あいしろう blog IMAGINE

想像してみよう。それは何をもたらす? この後どうなる?   ときに楽しい夢を。ときには厳しい視点で。 

読書「この国のはじまりについて」司馬遼太郎対話集を読んだ。関東ってなんなんだろうね?

 日本周遊旅行をして以来、さらに日本の古代史、歴史に興味がある私ですが、タイトルに惹かれ司馬遼太郎の対話選集の「この国のはじまりについて」を手に取ってみました。対談なので読みやすく、古代というより鎌倉時代以降に表舞台に出た関東ってなんなんだろうと興味が湧きました。

 

 

 

 この本は歴史小説家 司馬遼太郎が、12名の著名な学者等と対談した内容をまとめたものです。 タイトルが「古代から中世へ」と「日本語の本質」という二部構成になっています。

 

 私には前半の「古代から中世へ」が日本の生い立ちを垣間見られて興味深く、特にその中でも、歴史学者 林屋 辰三郎(はやしや たつさぶろう)との対談「歴史の夜咄」、歴史小説家 永井 路子(ながい みちこ)との対談「鎌倉武士と一所懸命」が面白かったです。

 

 司馬遼太郎は、関東の各地から武家が台頭し源頼朝を元に日本を平定した鎌倉時代以降に現代に通ずる文化が生まれ、それより前の平安時代以前は遠い異世界の文化だと語っています。源氏物語などは江戸時代の本居宣長のフィルターを通して再発見されたのであって今の文化には続いていないとも言っています。

 こういう経緯もあり、どうも司馬遼太郎鎌倉時代以前の日本にはそれほど興味がないようです

 

 武家が登場して京都や上方の文化は世間から追い出されるように衰退した面はあるのでしょうね。

 

 鎌倉時代以前の関東の史料は少ないそうですが、京都から流れてきた人が関東を農地として開墾したのではないか、関東平野は湿地で稲作や人が住むのには適さず当初は丘陵地帯に農業が営まれ、そのうち豪族が生まれ武家の頭領となったのだろうとのこと。
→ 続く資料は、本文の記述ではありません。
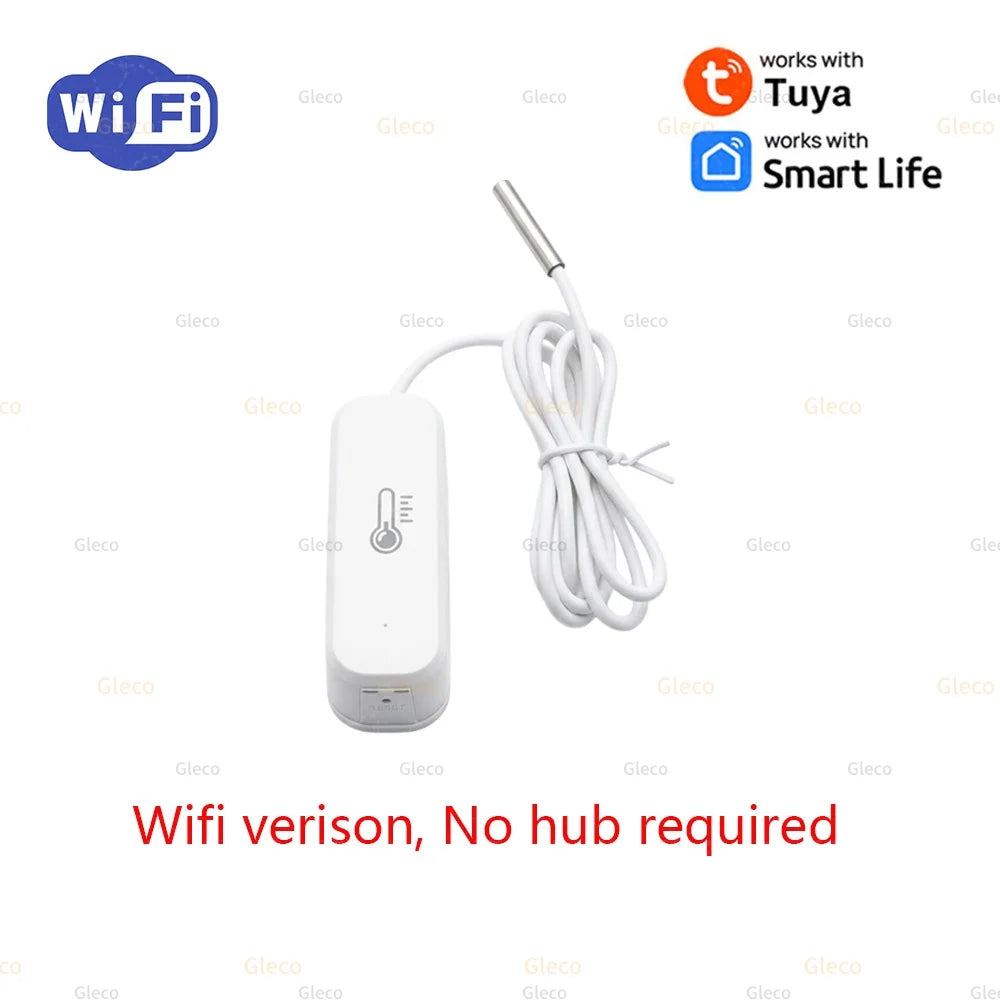 WiFi Zigbee Temperature Humidity Meter With Optional External Probe Thermometer Sensor Zigbee2mqtt TUYA For Fish Tank Freezer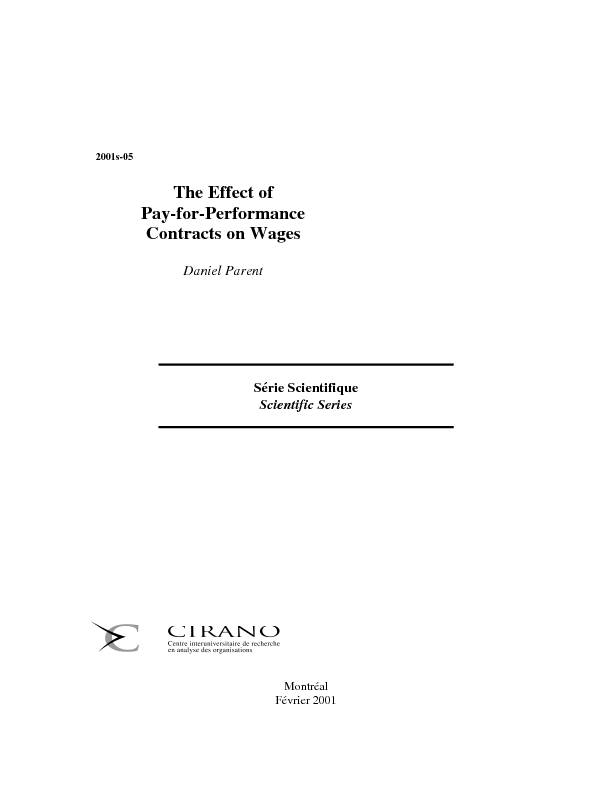 The Effect of Pay-for-Performance Contracts on Wages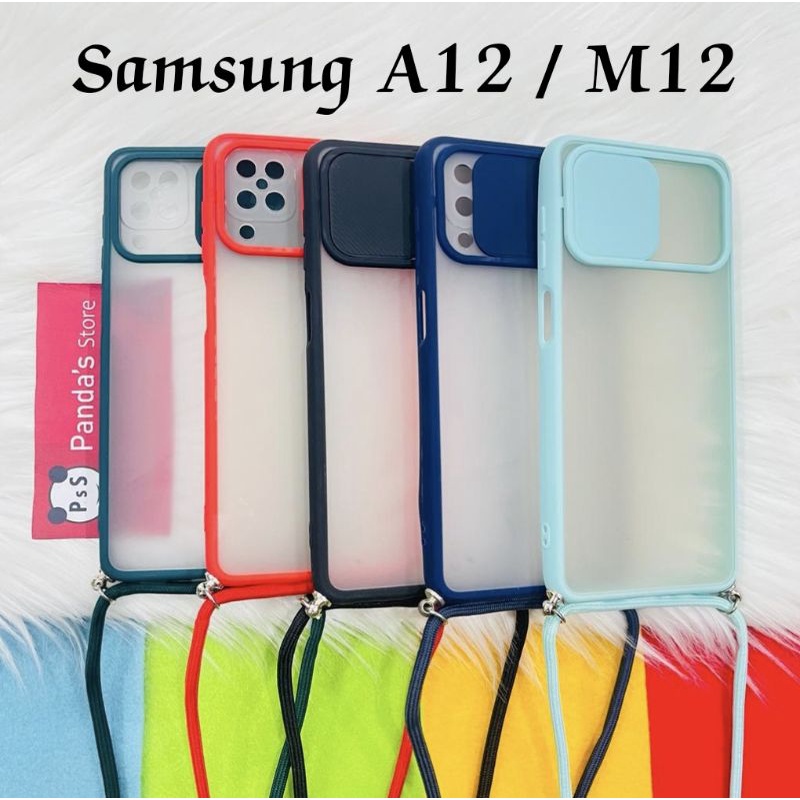 Samsung M12/A12 Softcase dove sliding camera + Tali Laynard [Premium]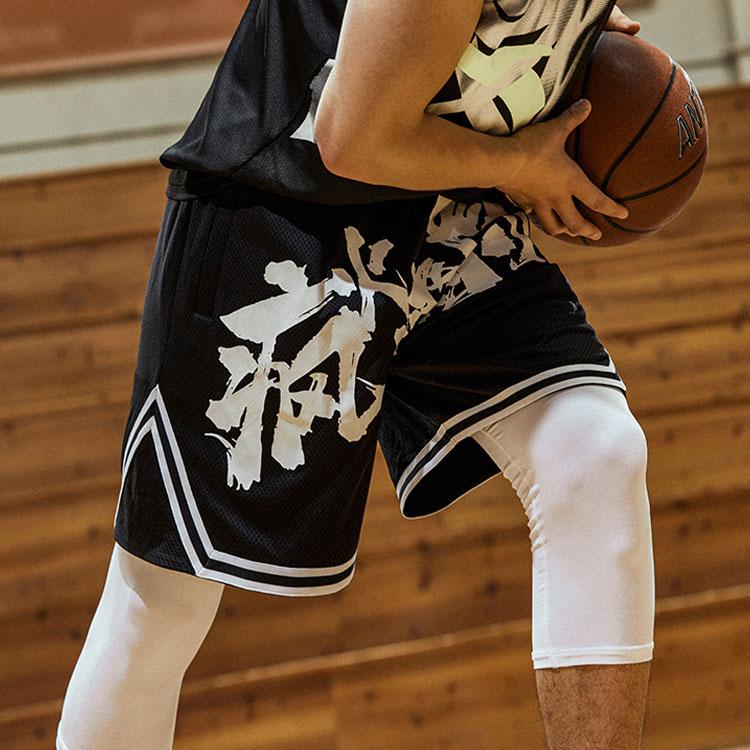 Anta Crazy Fire Printed Loose Basketball Shorts Men Shorts Black 152131214-1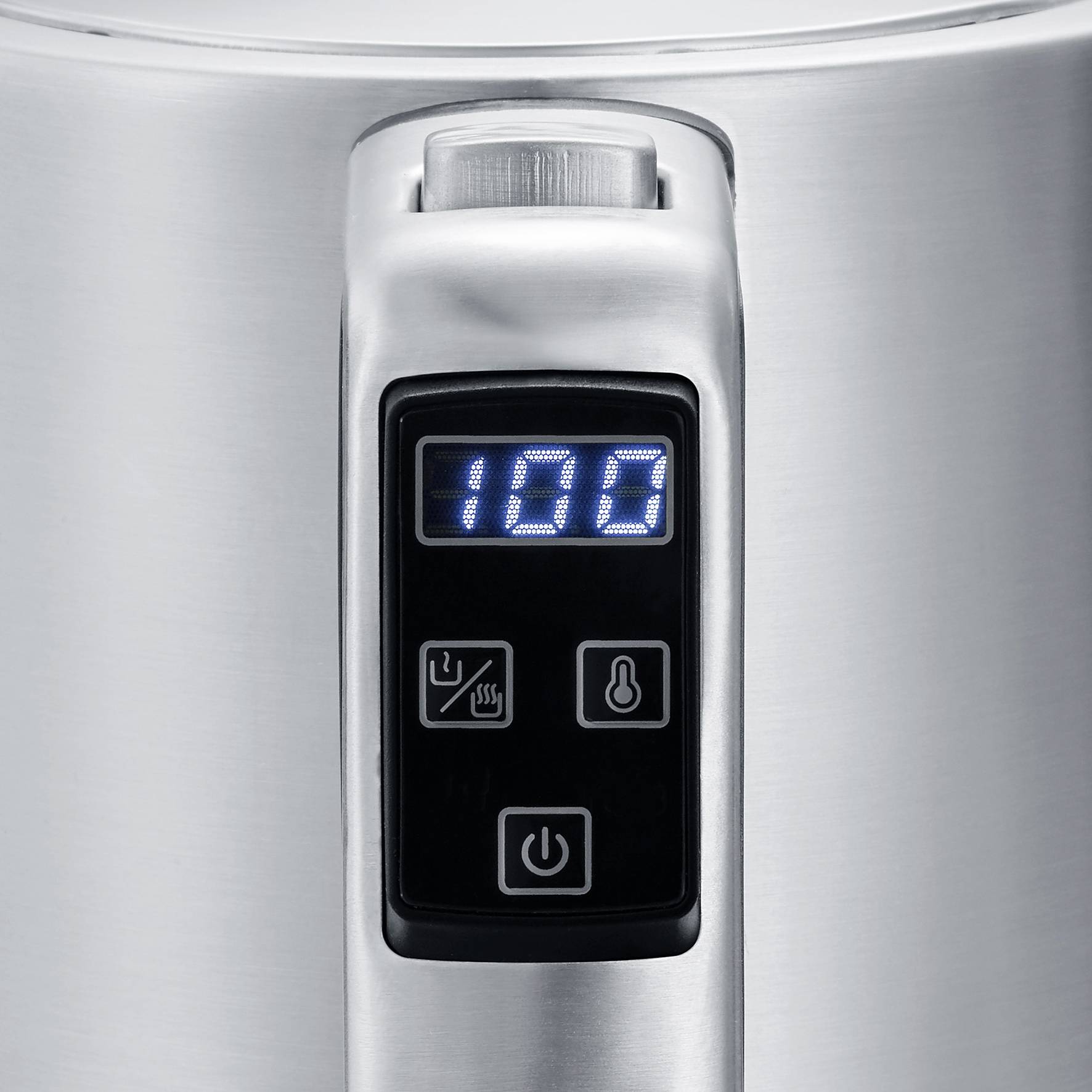 Elektrischer Wasserkocher, Edelstahl, mit Digitalanzeige zeigt '100' Grad Celsius; Bedienelemente darunter zum Einstellen der Temperatur.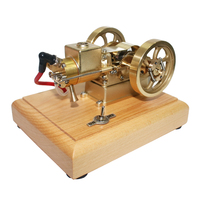 Metal Horizontal Gasoline Engine Model 1.6CC Water Cooled Brass Internal Combustion Engine Model Toy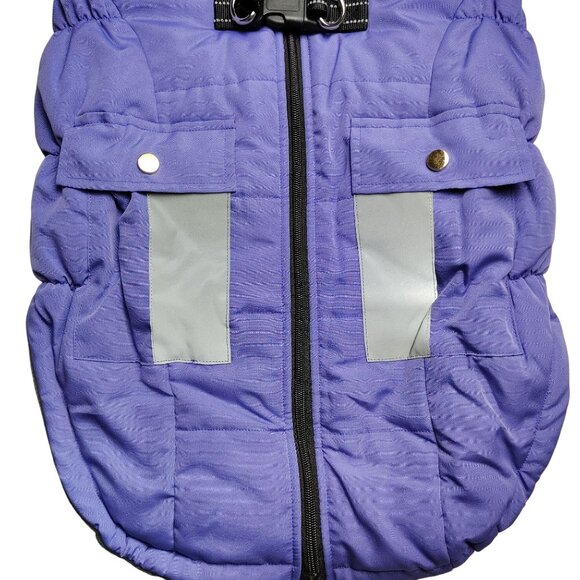 XXL Dog Purple Coat With Fleece Lining Zipper Closure and Snap Pockets - Picture 4 of 6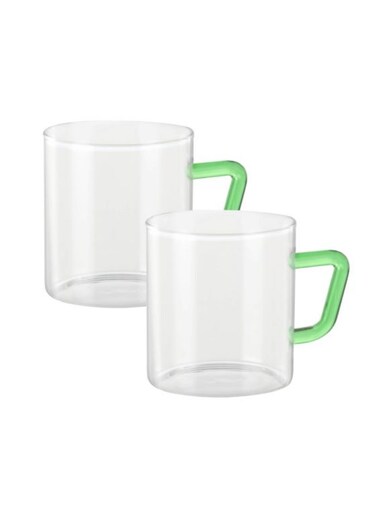 Colour Mug 190Ml Green Handle Bvcm190Gr02 2Pcs Set 190Ml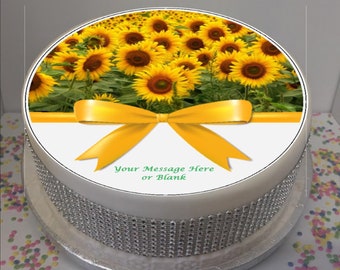 Personalised Sunflowers & Bow Scene 8" Icing Sheet Cake Topper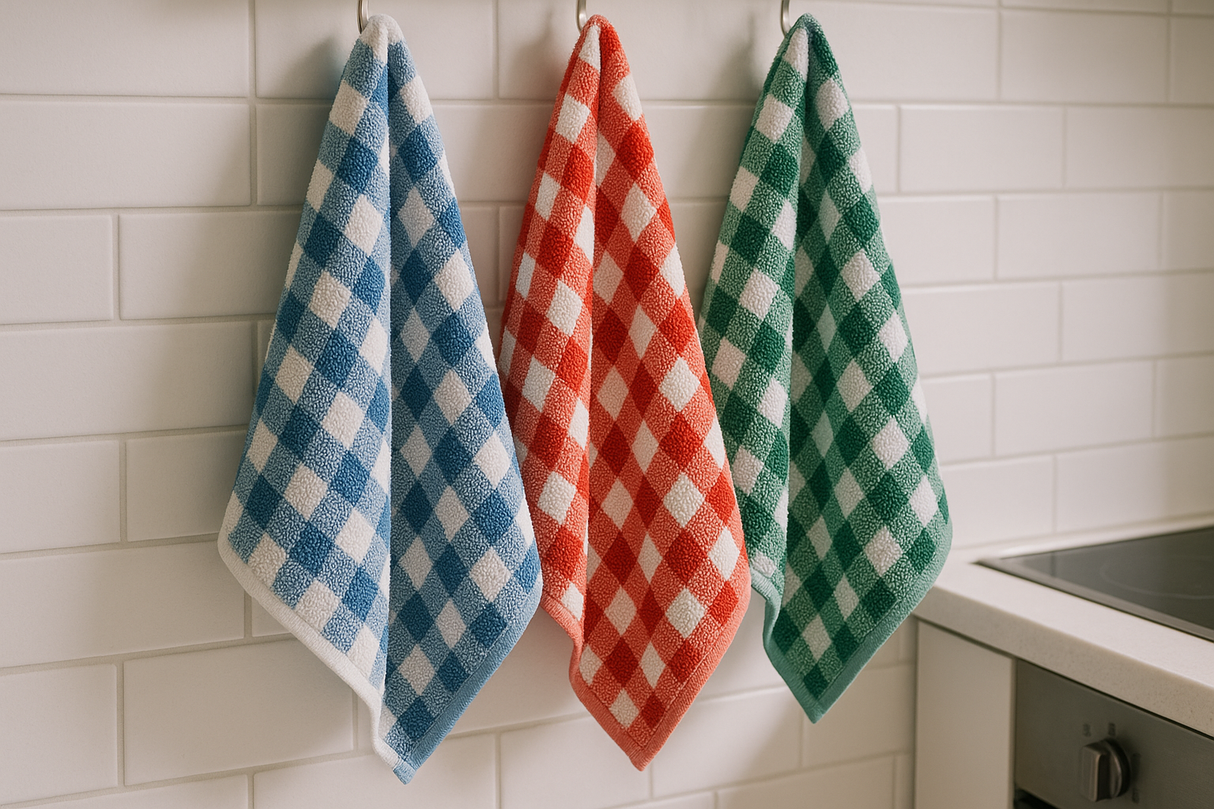 checked tea towel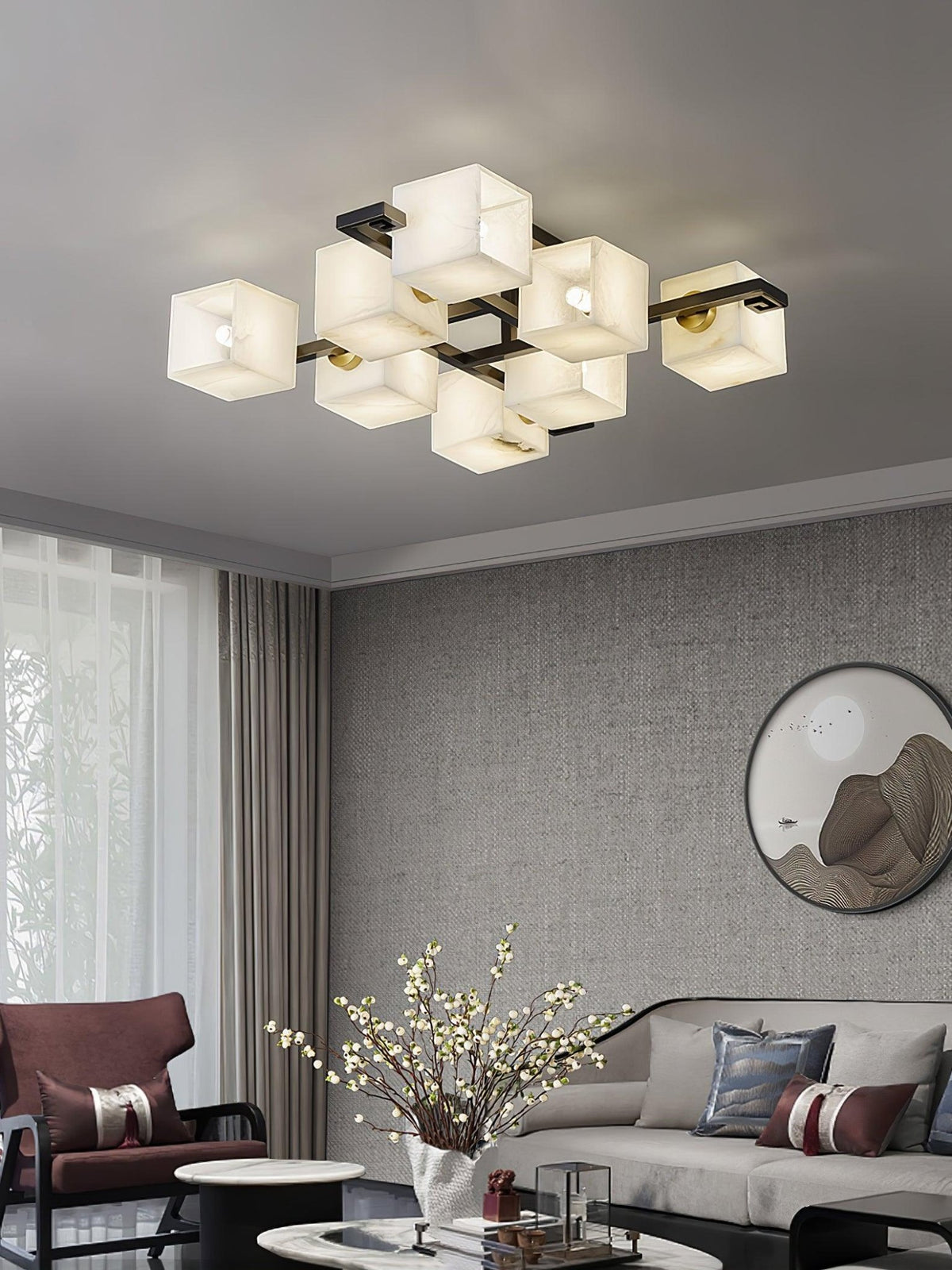 Cubist Alabaster Cluster Ceiling Lamp - Zelno Lighting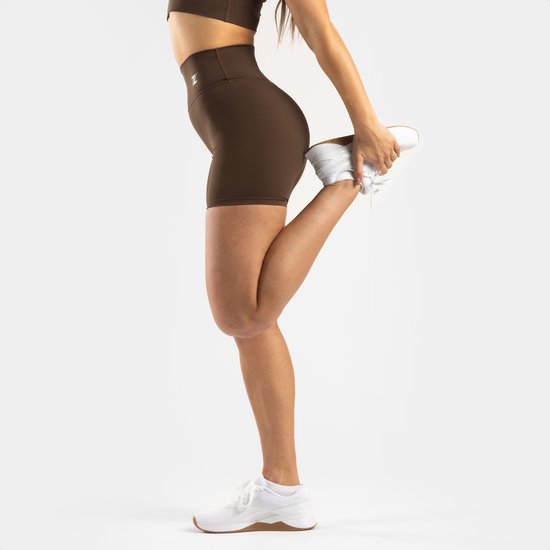 ZEUZ Korte Sport Legging Dames High Waist - Sportkleding & Sportlegging Squat Proof voor Fitness & Crossfit - Hardloopbroek, Yoga Broek - 62% Recycled Nylon & 38% Elastaan - Bruin - Maat XS van Merkloos — afbeelding 2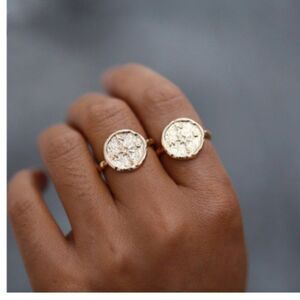 Boho Round Coin Ring Gold or Silver Tone size 6,7,8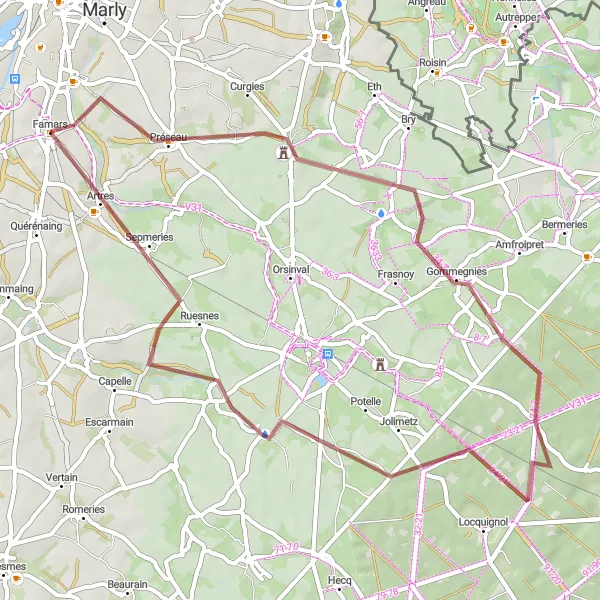 Map miniature of "The Charm of Jenlain" cycling inspiration in Nord-Pas de Calais, France. Generated by Tarmacs.app cycling route planner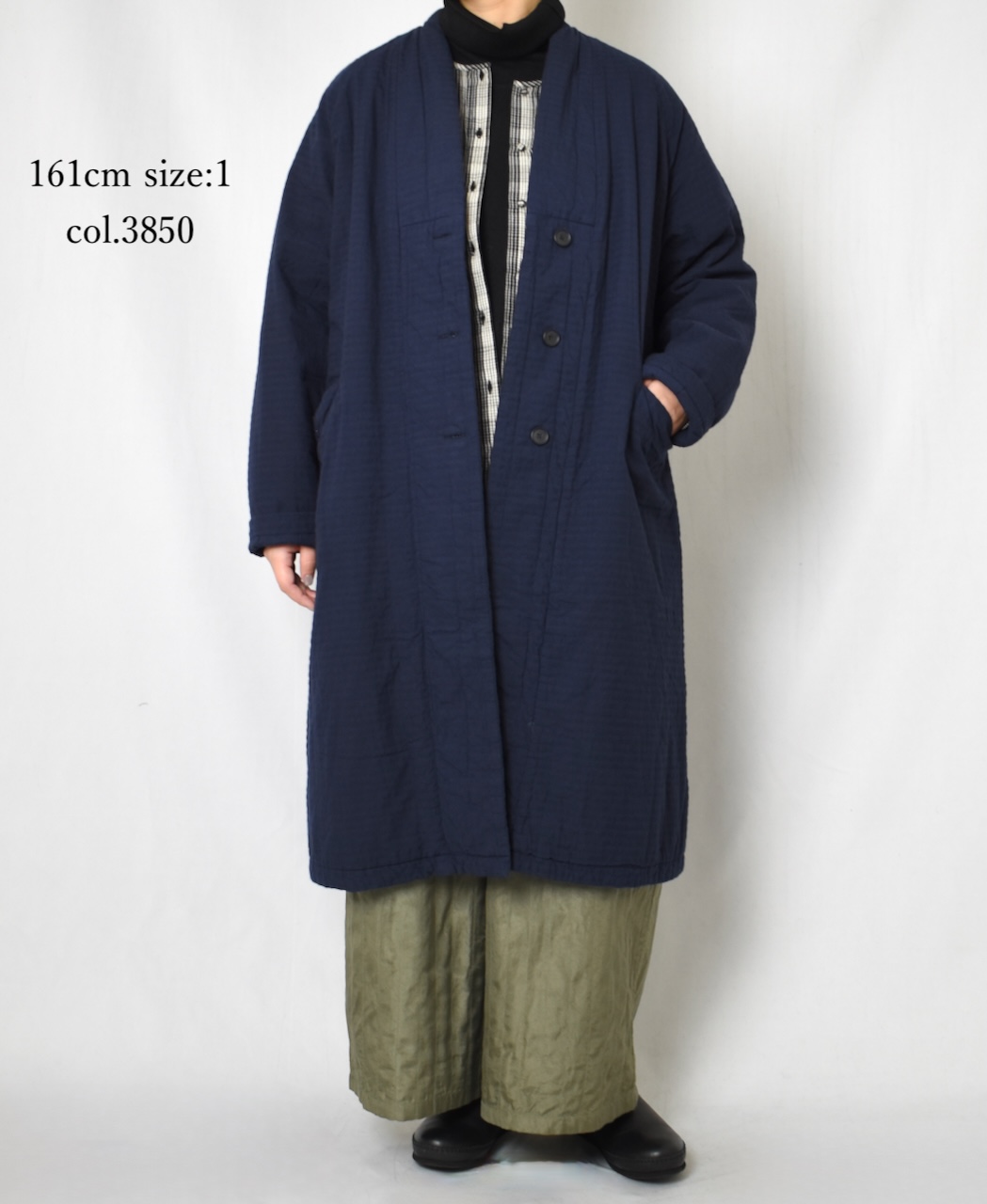 NMDS25561D(コート) PADDED ORGANIC COTTON CHECK (OVER DYE) V-COLLAR COAT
この頃から自分の土地を大事にし頑張るという「一所懸命」という概念が生まれたのだろうとのこと。

 

 現在は東京を中心に繁栄している関東ですが古代から鎌倉時代江戸幕府ができるまでの関東を想像すると興味深いです。

 

 後半の日本語の部でも方言を拠り所に言葉の起源、歴史を紐解く話は面白かったです。日本語の標準語では、母音で終わる開音節の単語が多く、子音で終わる単語は苦手だが、薩摩には子音で終わる単語があるのだそうです。どこからどう言葉が生まれ生きているのか想像すると面白いです。

 

 それにしても確かに一般の日本人は子音で終わる言葉が苦手ですよね。 日本に住んでるイギリス人の知り合いは「紅茶をHotで」という文を「紅茶をホッで」と“トォ”を強調するように茶化してしゃべってました。(本来の英語では、Hotの "t" は軽い子音としてほとんど聞こえません)

 

 この本を読んでると司馬遼太郎の教養の深さと、好奇心旺盛さが伝わってきます。著名人との対談ですが、ほとんど司馬遼太郎がしゃべっていて、話をリード、持論を展開している感じでした。パワーのある方だったのですねえ。

 

 こうやって文化と、その経緯としての歴史を考えるのは楽しいです。 この対話集は他の巻もあるので読んでみようかな。

 

ではでは。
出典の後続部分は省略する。